• _INSTRUCTIONS TO FOLLOW_:
Line by line, give the data again exactly as it appears.

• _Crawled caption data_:

= Beginning of Section =

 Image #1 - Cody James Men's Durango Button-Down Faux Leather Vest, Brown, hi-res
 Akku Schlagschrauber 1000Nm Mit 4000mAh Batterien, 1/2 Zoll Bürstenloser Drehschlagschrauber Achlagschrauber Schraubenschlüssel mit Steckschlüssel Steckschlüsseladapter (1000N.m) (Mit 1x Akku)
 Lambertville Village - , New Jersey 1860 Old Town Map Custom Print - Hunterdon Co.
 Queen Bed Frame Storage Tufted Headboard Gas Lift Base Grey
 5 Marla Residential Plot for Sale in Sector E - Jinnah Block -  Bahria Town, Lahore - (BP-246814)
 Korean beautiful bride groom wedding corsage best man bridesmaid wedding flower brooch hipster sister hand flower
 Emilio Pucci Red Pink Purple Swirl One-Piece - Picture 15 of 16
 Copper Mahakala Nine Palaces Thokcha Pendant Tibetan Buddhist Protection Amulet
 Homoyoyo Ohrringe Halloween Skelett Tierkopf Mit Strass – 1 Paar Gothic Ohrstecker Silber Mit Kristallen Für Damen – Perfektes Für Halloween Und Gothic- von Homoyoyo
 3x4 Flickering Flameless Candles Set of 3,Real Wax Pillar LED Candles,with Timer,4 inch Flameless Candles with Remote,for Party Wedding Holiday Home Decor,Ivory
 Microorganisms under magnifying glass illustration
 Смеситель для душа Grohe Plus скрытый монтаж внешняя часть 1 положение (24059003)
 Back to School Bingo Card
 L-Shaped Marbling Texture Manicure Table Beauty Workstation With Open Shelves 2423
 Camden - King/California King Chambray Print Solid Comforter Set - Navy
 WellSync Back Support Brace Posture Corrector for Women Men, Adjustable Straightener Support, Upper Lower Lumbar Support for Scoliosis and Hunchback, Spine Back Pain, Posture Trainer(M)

= End of Section =

• _OUTPUT OF THE TASK_:
 Image #1 - Cody James Men's Durango Button-Down Faux Leather Vest, Brown, hi-res
 Akku Schlagschrauber 1000Nm Mit 4000mAh Batterien, 1/2 Zoll Bürstenloser Drehschlagschrauber Achlagschrauber Schraubenschlüssel mit Steckschlüssel Steckschlüsseladapter (1000N.m) (Mit 1x Akku)
 Lambertville Village - , New Jersey 1860 Old Town Map Custom Print - Hunterdon Co.
 Queen Bed Frame Storage Tufted Headboard Gas Lift Base Grey
 5 Marla Residential Plot for Sale in Sector E - Jinnah Block -  Bahria Town, Lahore - (BP-246814)
 Korean beautiful bride groom wedding corsage best man bridesmaid wedding flower brooch hipster sister hand flower
 Emilio Pucci Red Pink Purple Swirl One-Piece - Picture 15 of 16
 Copper Mahakala Nine Palaces Thokcha Pendant Tibetan Buddhist Protection Amulet
 Homoyoyo Ohrringe Halloween Skelett Tierkopf Mit Strass – 1 Paar Gothic Ohrstecker Silber Mit Kristallen Für Damen – Perfektes Für Halloween Und Gothic- von Homoyoyo
 3x4 Flickering Flameless Candles Set of 3,Real Wax Pillar LED Candles,with Timer,4 inch Flameless Candles with Remote,for Party Wedding Holiday Home Decor,Ivory
 Microorganisms under magnifying glass illustration
 Смеситель для душа Grohe Plus скрытый монтаж внешняя часть 1 положение (24059003)
 Back to School Bingo Card
 L-Shaped Marbling Texture Manicure Table Beauty Workstation With Open Shelves 2423
 Camden - King/California King Chambray Print Solid Comforter Set - Navy
 WellSync Back Support Brace Posture Corrector for Women Men, Adjustable Straightener Support, Upper Lower Lumbar Support for Scoliosis and Hunchback, Spine Back Pain, Posture Trainer(M)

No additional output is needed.